ESG is implemented within the serverless framework of OpenWhisk, which serves as the underlying architecture for function execution. OpenWhisk is a distributed platform that automates resource scaling and task scheduling. The Controller component, which handles task scheduling and resource allocation, is central to ESG's functionality.

Figure 1: OpenWhisk architecture. Controller is where scheduling happens.

To address the inherent complexity of serverless environments augmented by GPU sharing, ESG introduces Application-Function-Wise (AFW) job queues. This mechanism allows for precise resource allocation by grouping jobs that share the same function and application context. ESG's scheduling strategy is driven by workflow optimizations that minimize cross-function communication overhead and adaptively configure resource allocations.

ESG Algorithm

ESG consists of two core algorithms: ESG_1Q and ESG_Dispatch.

ESG_1Q Algorithm

ESG_1Q constructs scheduling configurations using an optimality-guided approach inspired by A*-search, enhanced with a dual-bladed pruning strategy. This enhancement expedites the exploration of potential configurations by eliminating suboptimal paths early in the search process.

Figure 2: The app-func-wise (AFW) job queues of two example ML-based applications, and the ESG algorithm workflow in handling one job queue.

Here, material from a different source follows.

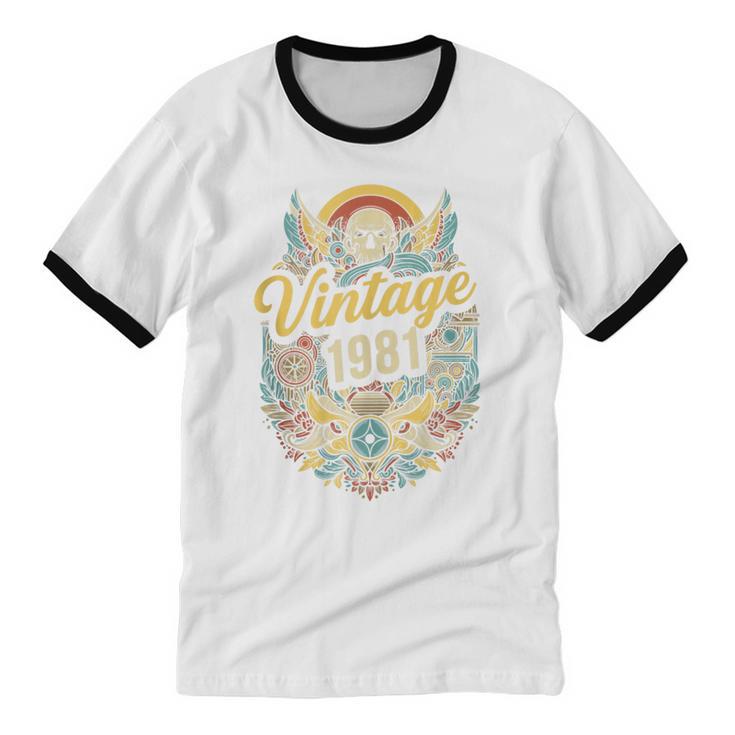 Vintage 1981 Retro Badge Nostalgia Eighties Compass Skull Unisex Cotton Ringer T-Shirt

By leveraging dual-blade pruning, ESG_1Q effectively manages the vast configuration spaces introduced by the combination of batch sizes, vCPU, and vGPU assignments, thereby aligning execution timings closely with SLO requirements and minimizing resource utilization.

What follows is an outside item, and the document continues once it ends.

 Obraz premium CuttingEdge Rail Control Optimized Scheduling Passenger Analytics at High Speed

Figure 3: (a) Top: Example of the configuration space of a three-function application and two configuration paths in the space.

ESG_Dispatch Algorithm

ESG_Dispatch manages the dynamic assignment of jobs to worker nodes, prioritizing data locality and resource availability to minimize latency. It selectively attempts to execute functions on machines already containing prerequisite data to reduce data transfer times. This intelligent dispatch approach enhances performance by leveraging local data cache coherency.

Performance Evaluation

Extensive evaluations across multiple workloads demonstrate ESG's capability to sustain high SLO hit rates while using fewer resources than state-of-the-art methods. ESG consistently reported SLO hit improvements ranging from 61% to 80% with cost savings between 47% to 187% compared to baseline techniques.

Figure 4: The average SLO hit rate and the cost (normalized to ESG cost) under different SLO and workload settings. The left y-axis is for the SLO hit rate and the higher is better. The right y-axis is for the cost and the lower is better.

Implementation Considerations

When deploying ESG, the architecture should ensure that computing nodes are equipped with hardware capable of supporting GPU partitioning techniques (e.g., NVIDIA MIG) to fully exploit GPU sharing capabilities. The algorithm's scalability is maintained through a dominator-based method that handles function grouping within workflow DAGs. This requires careful configuration to balance function stage sizes against real-time execution constraints.

Conclusion

ESG advances serverless scheduling practices by integrating GPU sharing directly into the optimization process, balancing efficiency and cost without compromising the quality of service. The algorithm's dynamic adaptation to resource status and workload variations makes it particularly suitable for large-scale ML inference tasks in heterogeneous cloud environments. As serverless computing continues to mature, ESG's innovations will form a foundation for subsequent developments in adaptive, resource-aware scheduling solutions.